I resisted their invitation to take me there in their 4-wheeler and set off at a fast clip through the village of Feock to the exquisite little resort of Loe Beach, where I found Alistair next to a colleague who was teaching a bleached blond the principles of sailing. Alistair dragged himself away and went to fetch his boat. There was no jetty, but I managed to clamber aboard without getting water into my boots and we set off on a fascinating trip to the King Harry Ferry site. On the way we passed the famous Trelissick Gardens and Lord Falmouth’s huge pile in this really beautiful estuary, besmirched only by the presence of an enormous car carrier, riding out the recession in a cheap and sheltered cove.
 
For those of you who are being anal about my statistics, I’m pleased to announce that I have adjusted all of today’s statistics to exclude the boat ride, though of course you will still see me motoring along in the estuary at great speed if you look at the Everytrail page!

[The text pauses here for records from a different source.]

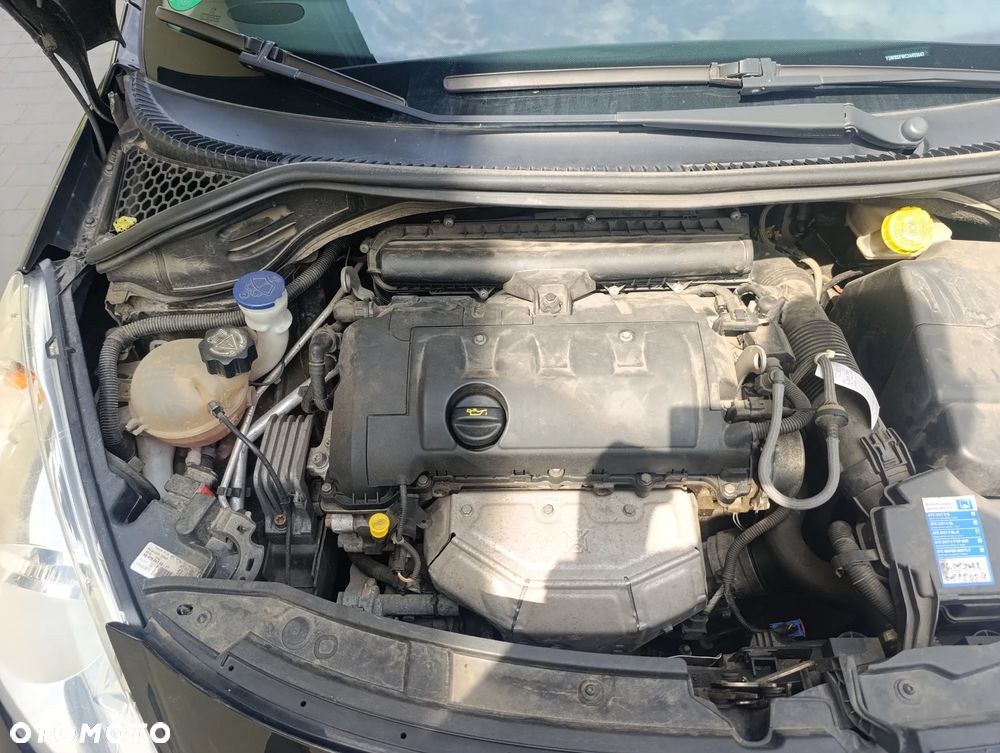 Peugeot 207 120 Sport - 2
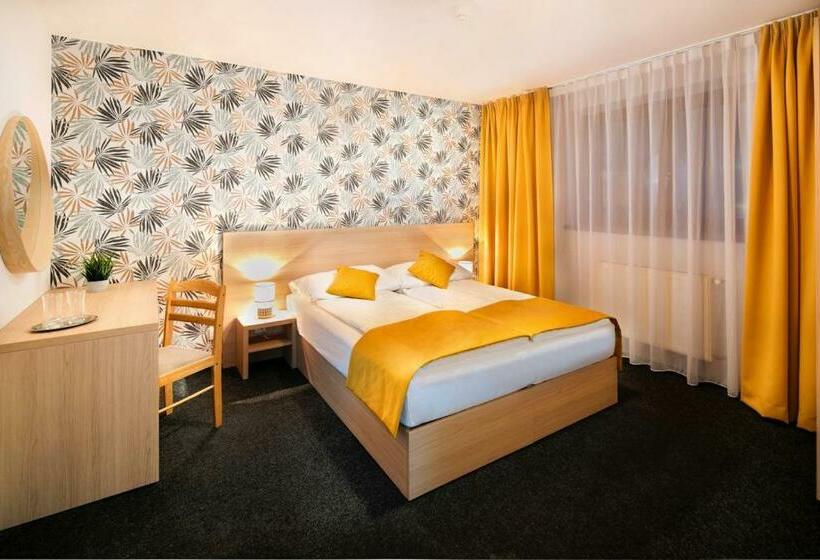 اتاق خانوادگی, Chata Belez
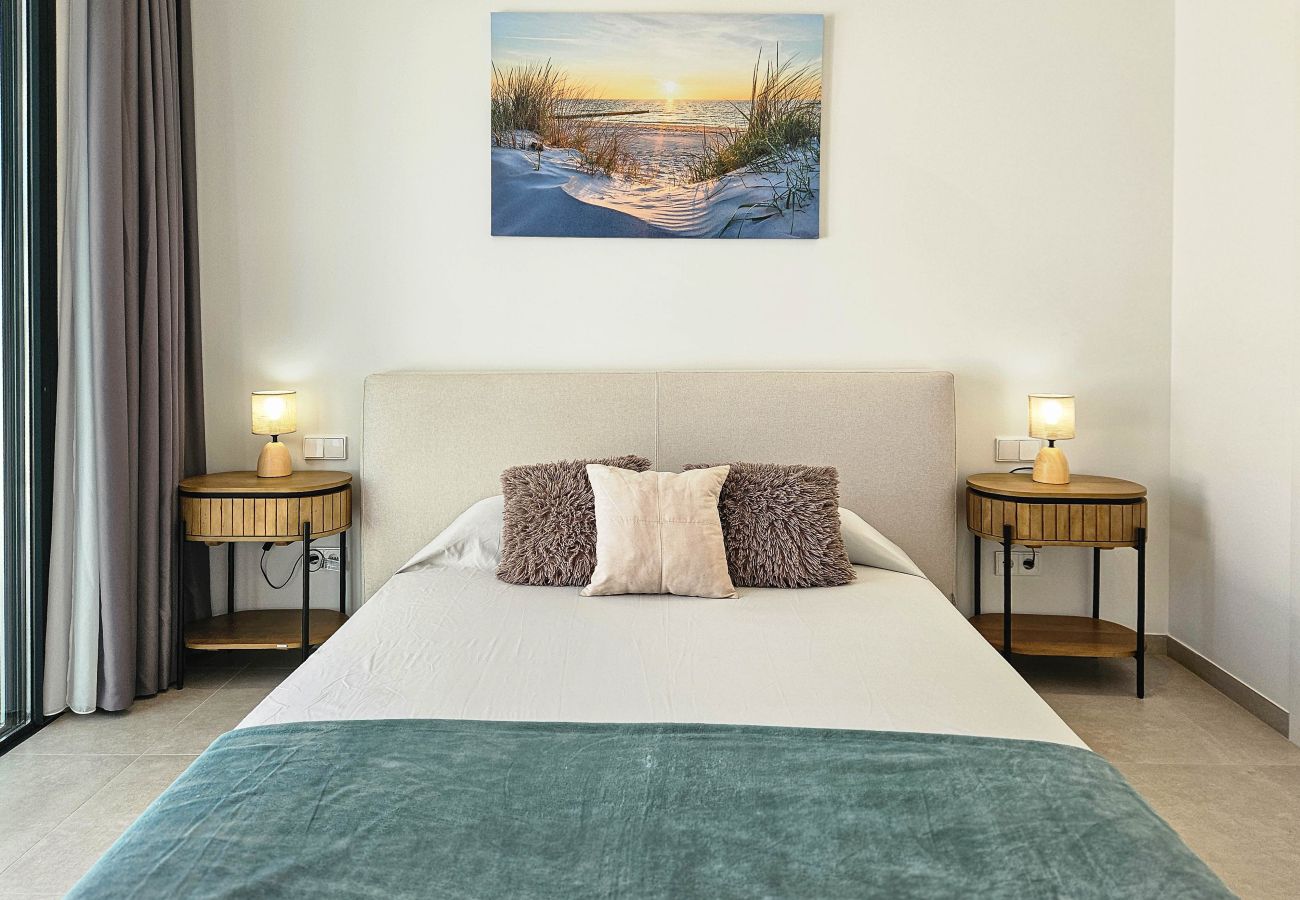 Villa en La Cala de Mijas - Nueva villa de cuatro dormitorios con piscina privada.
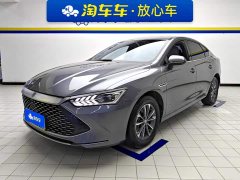 BYD Qin PLUS Glory Edition DM-i 55KM Leading - ფოტო 1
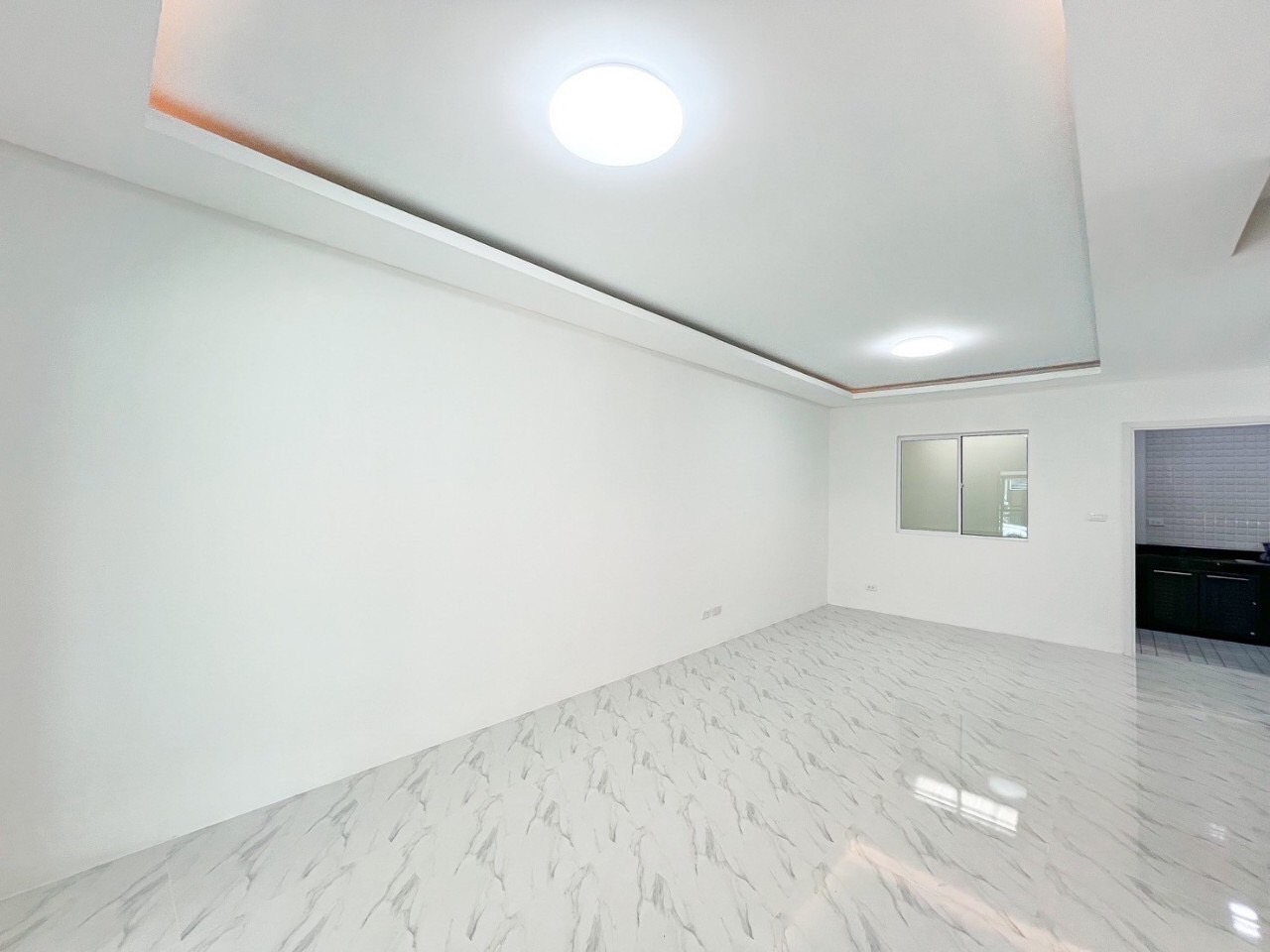 For Sales : Ratsada, 2-Story Town House, 3 Bedrooms 2 Bathrooms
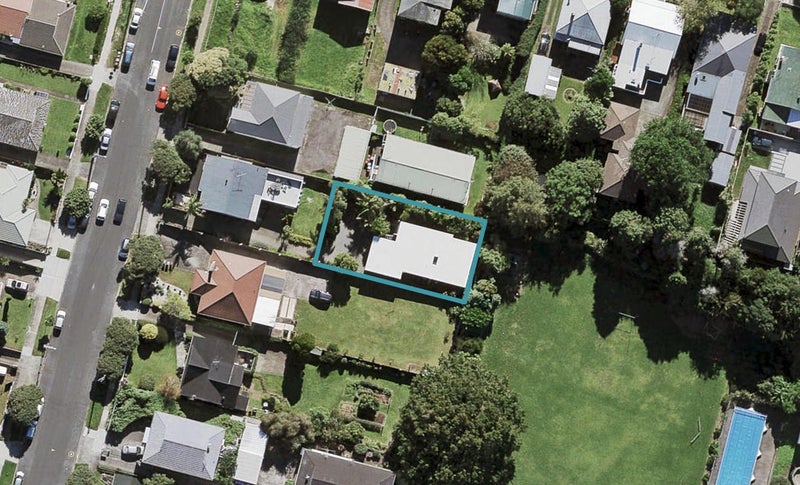 10A Kingsway Avenue, Sandringham, Auckland - Carousel 1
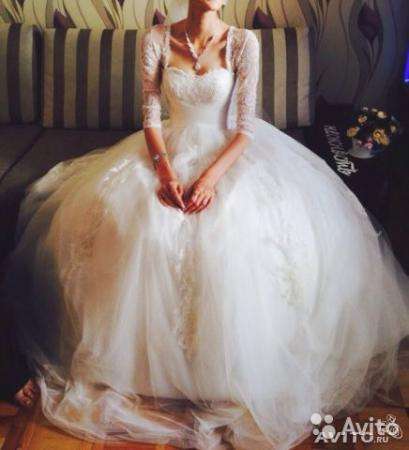 шикарное свадебное платье. С большим шлейфом в Краснодаре фото 3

I’m not sure whether it was my enthusiasm or Alistair’s kind heart, but he kept wanting to show me other treasures. In the end I persuaded him I needed to get on, secretly worrying that he would adjust upwards the fare that had been agreed before we set off. I needn’t have worried!  When we landed at a jetty next to a café closed for the winter, he decided that he had enjoyed the trip so much that he reduced the fee!

I felt so exhilarated by the whole affair that I decided to be even more inventive in my selection of short-cuts through the ensuing rural countryside.  I soon realised that I was again off the beaten track and the dreaded Cornish footpaths conspired to ensnare me yet again. At one point, I had to scale a giant wall or retreat at least a mile. My foot slipped and I grabbed some foliage to prevent a fall, realising too late that I had grabbed a fistful of nettles! Hasn’t happened to me since I was 7!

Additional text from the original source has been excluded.